**Task**. Transcribe only the lines in the data below falling between the line with "高科技公司logo设计方案,你选哪个?-设计教程-中国" and the line with "Planetary Human chapter 73 - page 35", including those two lines, and leave out any picture.

**Available data**.
--
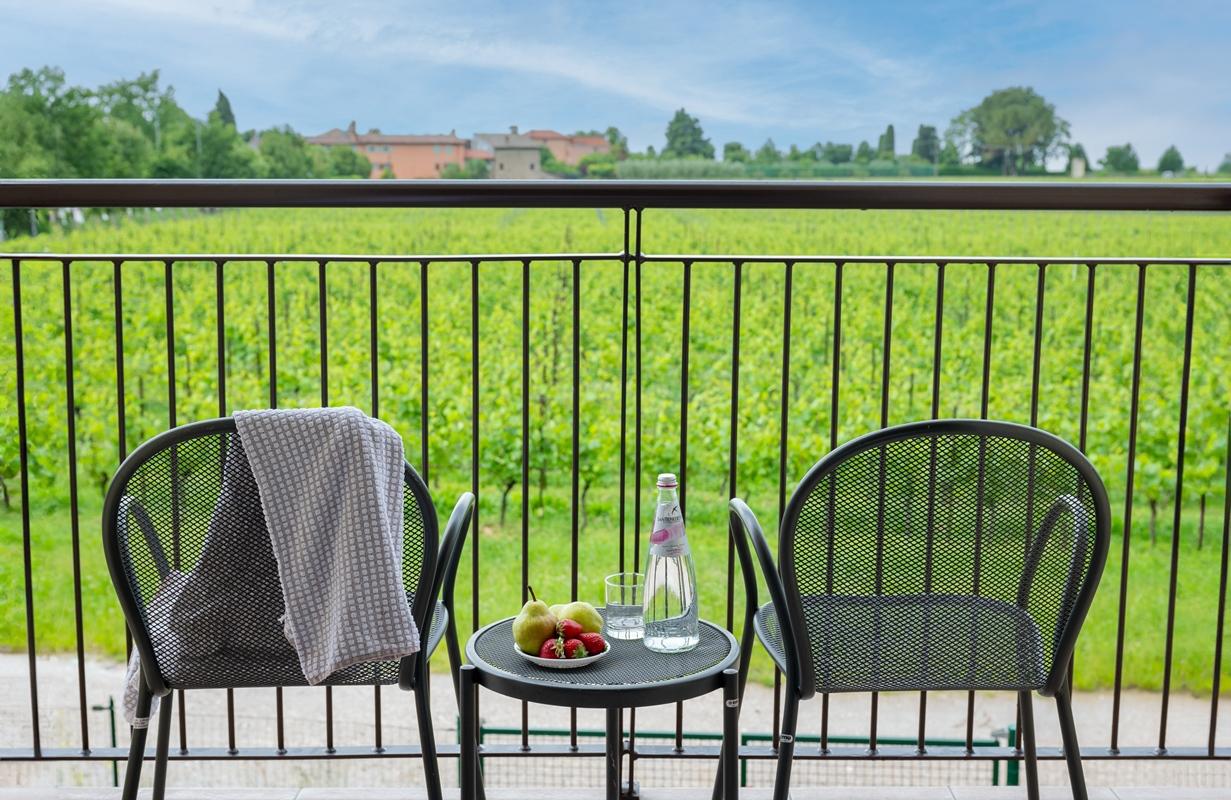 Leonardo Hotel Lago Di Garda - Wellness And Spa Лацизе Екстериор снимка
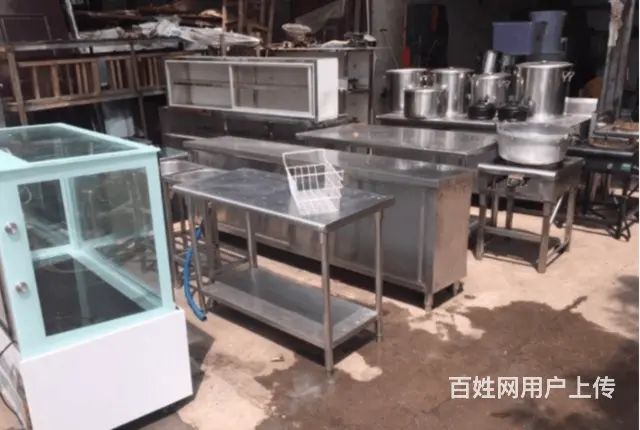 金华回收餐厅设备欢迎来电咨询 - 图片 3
--
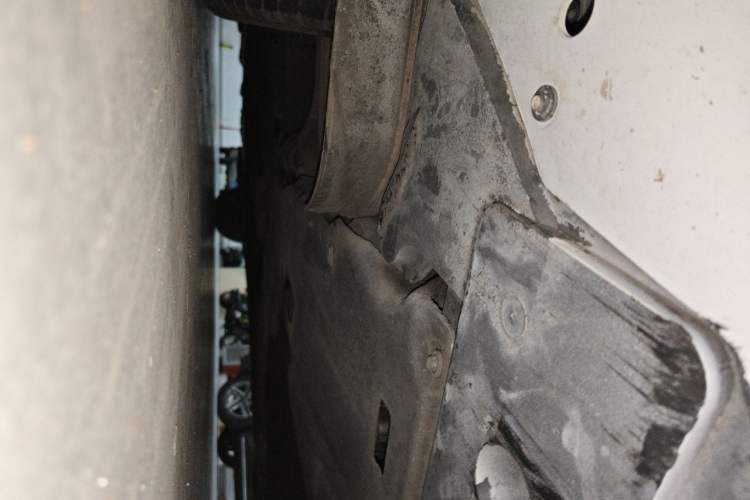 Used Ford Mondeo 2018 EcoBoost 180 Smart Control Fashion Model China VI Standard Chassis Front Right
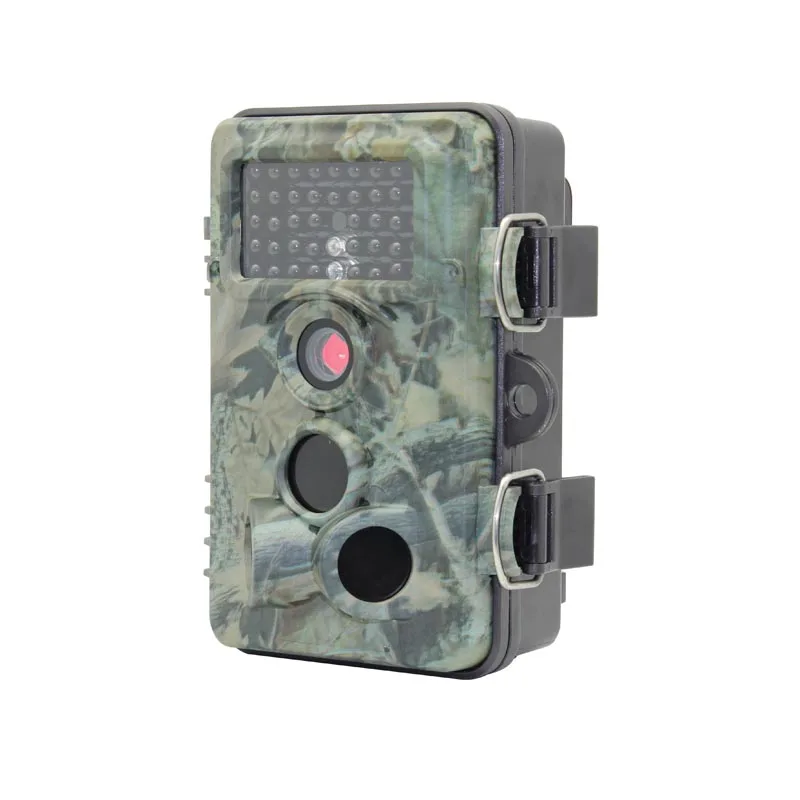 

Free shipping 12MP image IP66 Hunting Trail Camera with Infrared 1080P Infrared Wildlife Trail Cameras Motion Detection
--
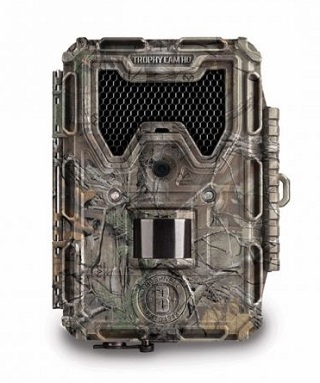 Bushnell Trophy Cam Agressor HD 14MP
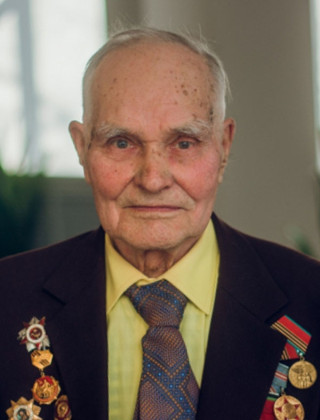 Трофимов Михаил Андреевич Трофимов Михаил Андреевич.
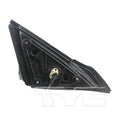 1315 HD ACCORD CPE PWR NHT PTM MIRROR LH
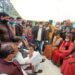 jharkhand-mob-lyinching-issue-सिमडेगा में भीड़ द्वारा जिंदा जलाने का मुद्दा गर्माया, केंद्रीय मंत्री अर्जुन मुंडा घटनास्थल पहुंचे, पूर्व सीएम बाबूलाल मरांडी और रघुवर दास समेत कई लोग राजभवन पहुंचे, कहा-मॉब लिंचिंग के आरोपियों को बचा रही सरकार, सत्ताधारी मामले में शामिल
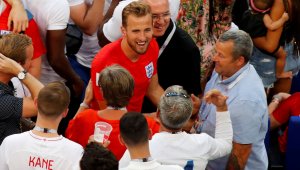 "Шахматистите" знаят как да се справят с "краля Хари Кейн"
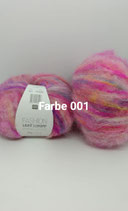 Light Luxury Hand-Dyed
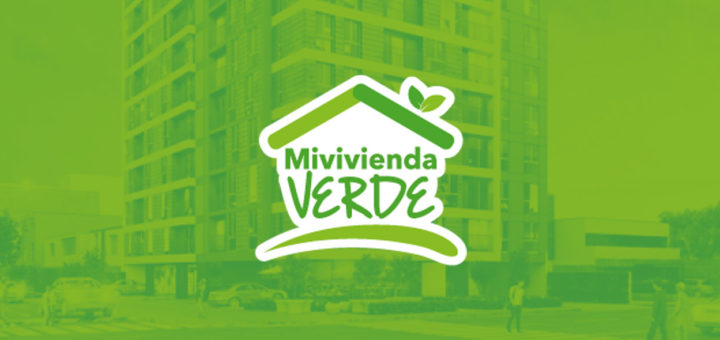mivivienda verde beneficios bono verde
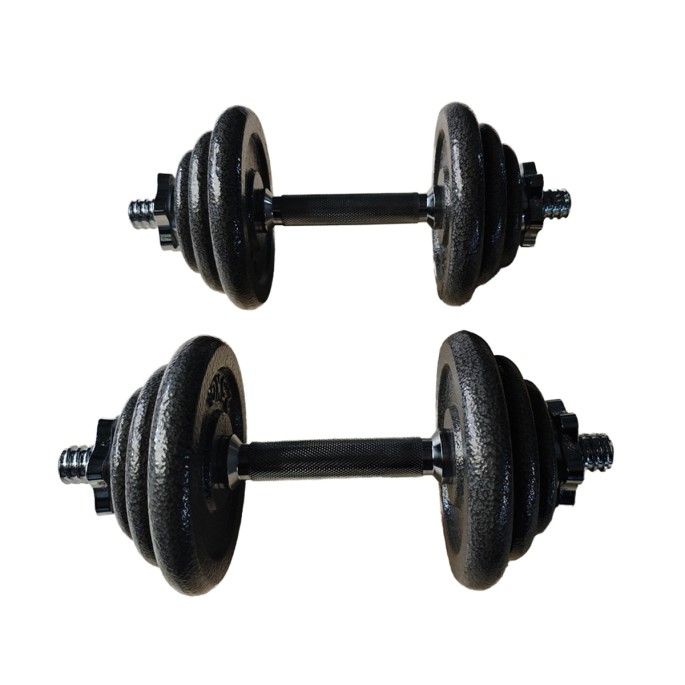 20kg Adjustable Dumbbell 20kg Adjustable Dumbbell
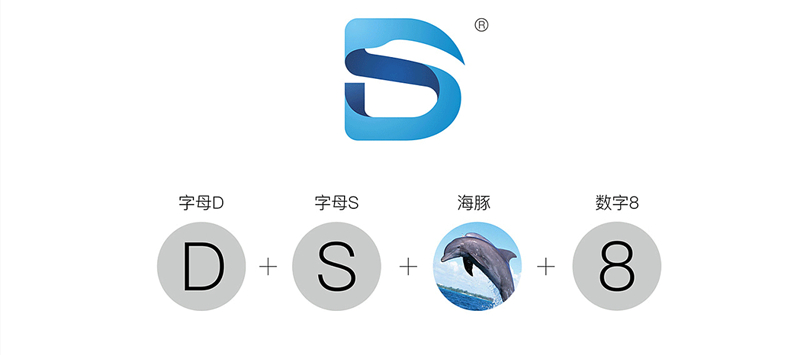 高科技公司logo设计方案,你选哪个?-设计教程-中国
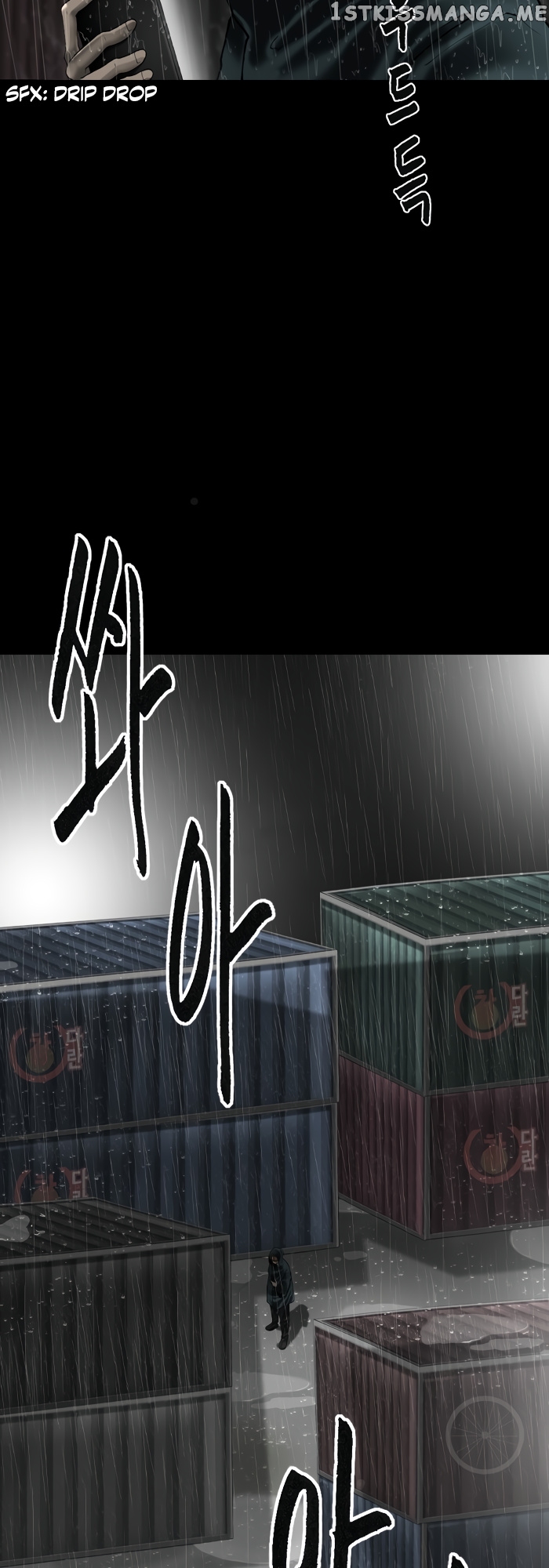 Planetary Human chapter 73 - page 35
--
**Expected output**.
 高科技公司logo设计方案,你选哪个?-设计教程-中国
 Planetary Human chapter 73 - page 35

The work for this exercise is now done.